(Collected data entries)
☆ ☆ ☆ ☆ ☆
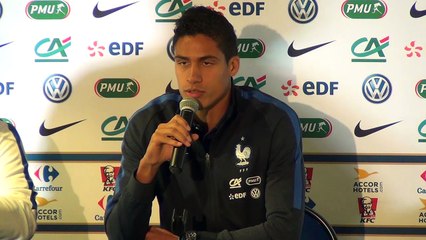 France - Côte d'Ivoire: conférence d'avant match de Raphaël Varane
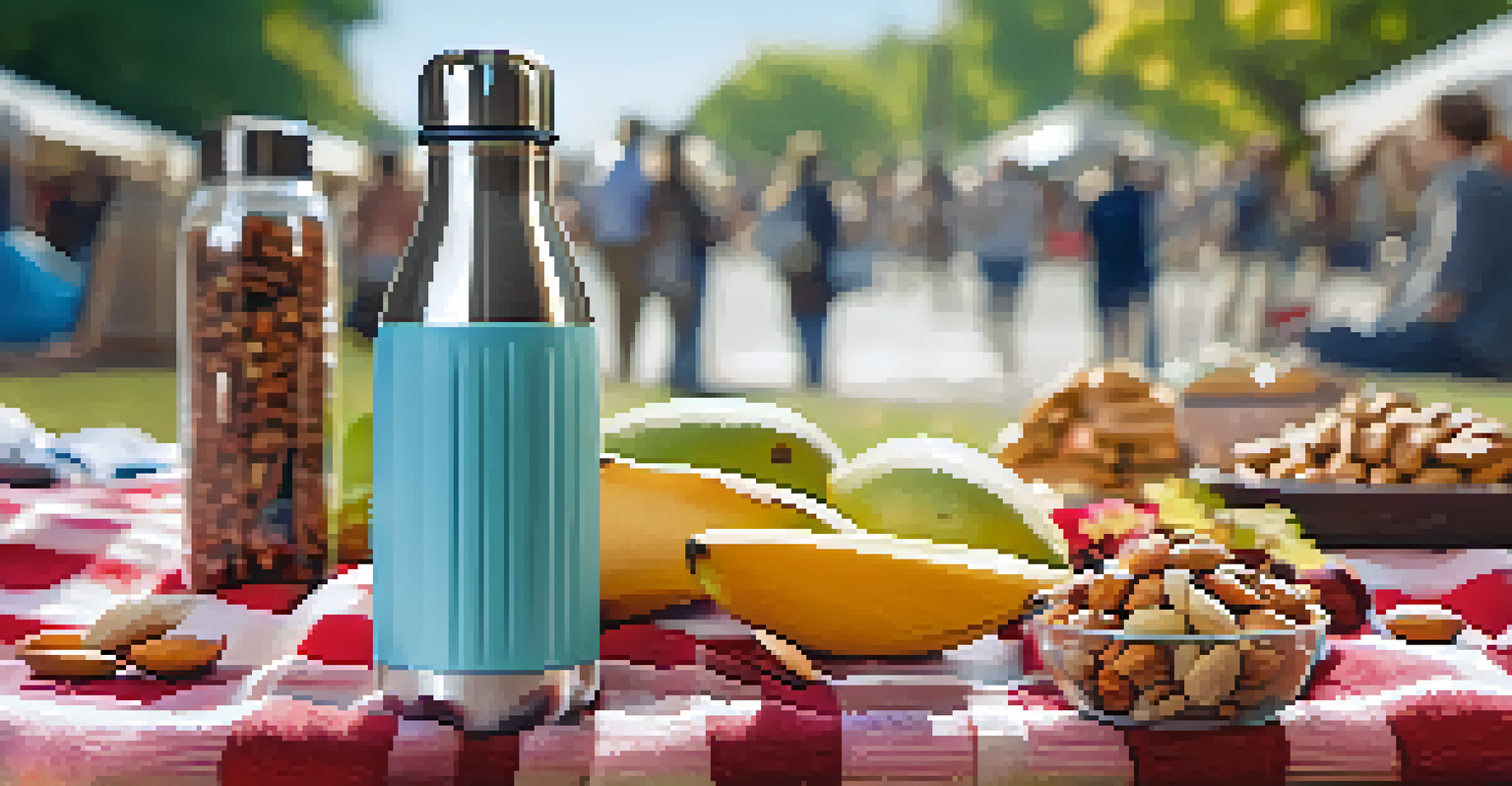 A stylish stainless steel eco-friendly water bottle on a colorful picnic blanket with healthy snacks, set in a vibrant festival atmosphere.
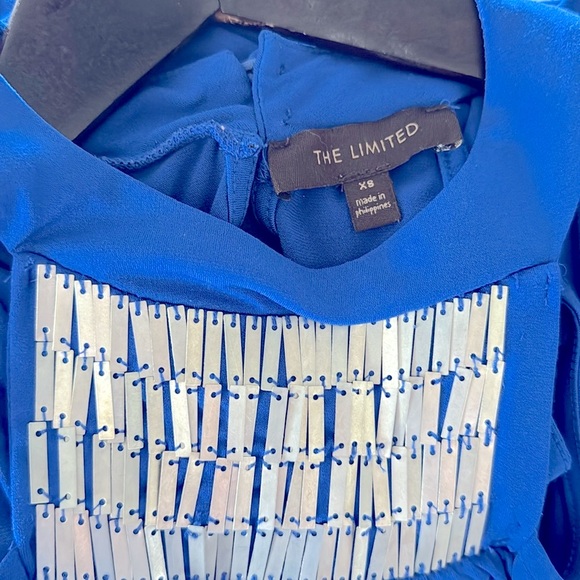 The Limited XS royal blue and silver sleeveless halter blouse top dress - Picture 6 of 7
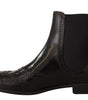 Dolce & Gabbana Elegant Black Ankle Wingtip Oxford Boots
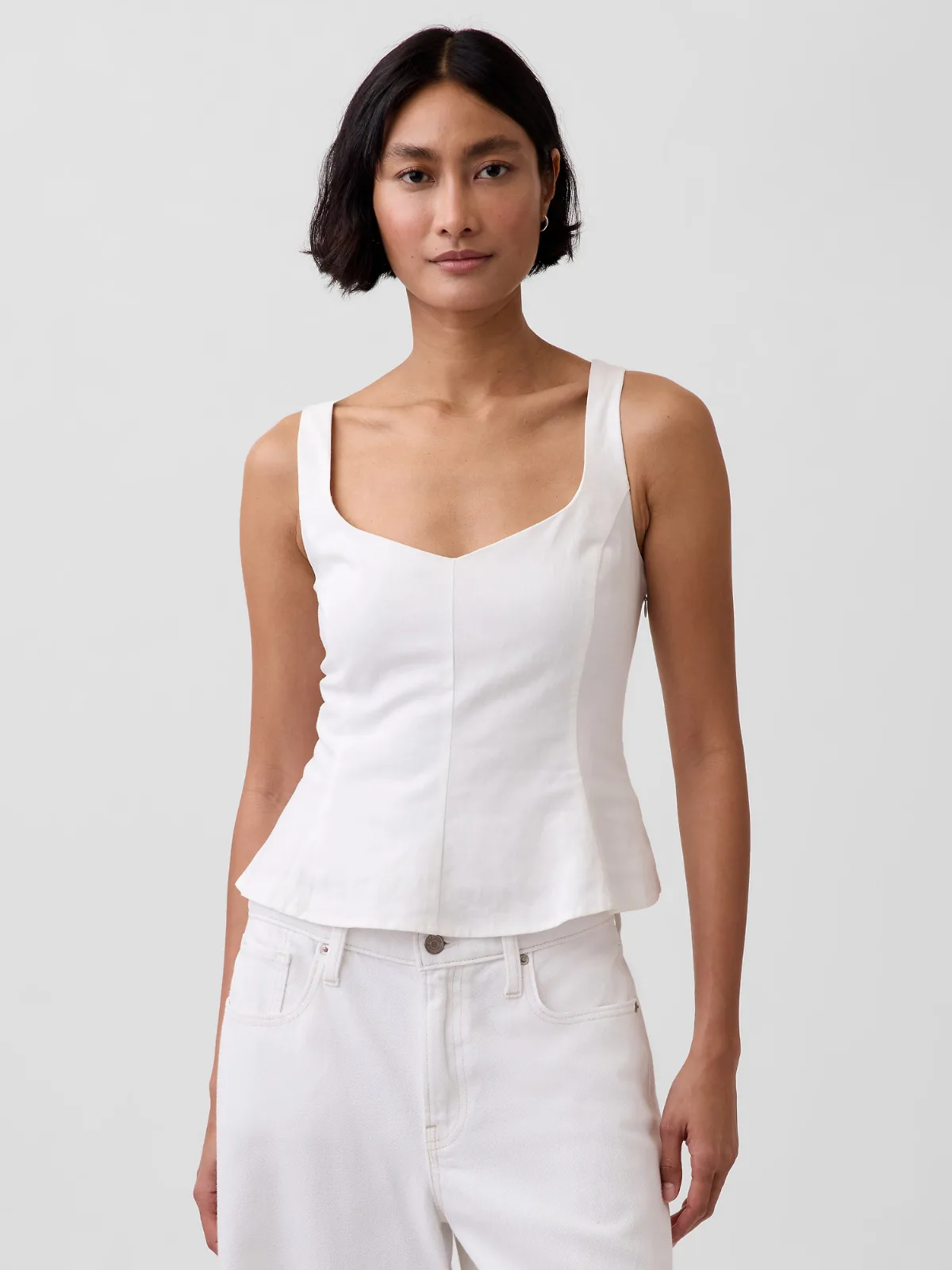 Linen-Blend Peplum Top by Gap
☆ ☆ ☆ ☆ ☆
» **WHAT THE TASK ASKS**
Could you reproduce the records above exactly, leaving out the pictures?

» **TASK ANSWER**
 France - Côte d'Ivoire: conférence d'avant match de Raphaël Varane
 A stylish stainless steel eco-friendly water bottle on a colorful picnic blanket with healthy snacks, set in a vibrant festival atmosphere.
 The Limited XS royal blue and silver sleeveless halter blouse top dress - Picture 6 of 7
 Dolce & Gabbana Elegant Black Ankle Wingtip Oxford Boots
 Linen-Blend Peplum Top by Gap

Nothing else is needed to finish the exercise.